Getting the seeds out of a pomegranate is like breaking into a bank vault. You need to get in there quickly and grab the goods intact with minimal muss, fuss, and collateral damage. I've finally found a way to do exactly that in just seconds so we can get right down to the business of eating a pomegranate.
How to Remove Pomegranate Seeds
Over the years, I've tried three different ways to coax the juicy, ripe seeds out of a pomegranate:
Method #1: Slow and Messy
Cut pomegranate into pieces and rub the seeds out section by section. Takes about 10 minutes, but you break a lot of seeds, juice gets everywhere, and picking the membrane off the seeds is a pain.

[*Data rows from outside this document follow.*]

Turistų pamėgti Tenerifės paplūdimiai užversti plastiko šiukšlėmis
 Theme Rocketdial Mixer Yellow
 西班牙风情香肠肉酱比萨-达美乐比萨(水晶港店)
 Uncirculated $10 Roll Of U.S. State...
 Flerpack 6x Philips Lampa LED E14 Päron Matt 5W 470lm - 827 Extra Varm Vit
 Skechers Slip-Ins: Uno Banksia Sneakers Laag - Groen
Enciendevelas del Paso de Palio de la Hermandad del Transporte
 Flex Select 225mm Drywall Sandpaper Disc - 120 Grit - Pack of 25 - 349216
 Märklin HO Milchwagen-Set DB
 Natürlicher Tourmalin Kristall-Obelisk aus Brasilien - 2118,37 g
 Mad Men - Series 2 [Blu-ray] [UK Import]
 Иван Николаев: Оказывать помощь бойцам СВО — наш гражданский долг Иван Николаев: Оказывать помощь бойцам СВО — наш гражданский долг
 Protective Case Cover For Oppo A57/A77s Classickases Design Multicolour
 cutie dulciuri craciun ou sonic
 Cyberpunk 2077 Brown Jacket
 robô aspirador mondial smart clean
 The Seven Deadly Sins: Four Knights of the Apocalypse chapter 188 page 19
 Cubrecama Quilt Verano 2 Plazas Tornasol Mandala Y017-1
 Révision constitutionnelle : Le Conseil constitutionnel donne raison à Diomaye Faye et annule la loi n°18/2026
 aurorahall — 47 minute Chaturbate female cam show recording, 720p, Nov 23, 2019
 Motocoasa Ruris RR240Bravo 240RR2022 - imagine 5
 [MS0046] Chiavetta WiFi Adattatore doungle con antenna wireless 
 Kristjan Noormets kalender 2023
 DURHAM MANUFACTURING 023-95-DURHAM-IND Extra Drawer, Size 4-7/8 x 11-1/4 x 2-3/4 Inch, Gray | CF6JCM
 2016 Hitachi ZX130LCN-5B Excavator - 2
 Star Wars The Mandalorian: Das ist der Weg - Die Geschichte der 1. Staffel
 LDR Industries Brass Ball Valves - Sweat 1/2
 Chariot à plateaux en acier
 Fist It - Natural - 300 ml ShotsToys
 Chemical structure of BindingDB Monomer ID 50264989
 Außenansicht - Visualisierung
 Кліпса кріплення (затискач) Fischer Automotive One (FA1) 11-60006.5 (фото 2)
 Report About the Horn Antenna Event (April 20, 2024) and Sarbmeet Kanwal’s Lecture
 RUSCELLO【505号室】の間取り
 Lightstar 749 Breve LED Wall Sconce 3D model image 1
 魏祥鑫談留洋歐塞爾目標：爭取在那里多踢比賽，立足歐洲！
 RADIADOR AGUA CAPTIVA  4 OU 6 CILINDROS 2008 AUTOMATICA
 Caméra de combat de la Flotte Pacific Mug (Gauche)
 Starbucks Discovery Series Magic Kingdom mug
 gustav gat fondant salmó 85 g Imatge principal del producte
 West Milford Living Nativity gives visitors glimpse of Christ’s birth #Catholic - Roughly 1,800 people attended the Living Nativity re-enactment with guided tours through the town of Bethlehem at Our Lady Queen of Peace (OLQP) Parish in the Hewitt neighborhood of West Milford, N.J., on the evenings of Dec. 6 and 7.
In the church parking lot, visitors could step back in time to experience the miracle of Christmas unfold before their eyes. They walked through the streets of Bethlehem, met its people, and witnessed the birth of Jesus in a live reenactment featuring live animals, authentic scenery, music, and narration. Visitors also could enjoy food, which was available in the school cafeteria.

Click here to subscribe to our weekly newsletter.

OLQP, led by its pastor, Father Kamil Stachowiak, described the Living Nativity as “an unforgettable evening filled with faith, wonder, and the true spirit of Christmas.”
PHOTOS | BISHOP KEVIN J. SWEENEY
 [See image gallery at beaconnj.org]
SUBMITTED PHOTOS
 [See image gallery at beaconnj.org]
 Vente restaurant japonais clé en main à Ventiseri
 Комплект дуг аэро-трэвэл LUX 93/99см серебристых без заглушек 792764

Method #2: Slow and Not as Messy
Cut pomegranate into pieces and rub the seeds out section by section under water. Takes about the same amount of time as method #1, but the water minimizes the squirting juice factor. Seeds sink to the bottom of the bowl and the bits of membrane float to the top to be skimmed off.
Method #3: Quick and Clean
Cut pomegranate in half and whack the seeds out with a spoon. I can do a whole pomegranate in under a minute. No squirting juice, and seeds release from the membrane easily. Minimal clean-up.
I'm a big fan of Method #3. Here's how it works:
How to Cut a Pomegranate
- Slice the pomegranate in half along the equator.
- Make a shallow cut in the white flesh between each section.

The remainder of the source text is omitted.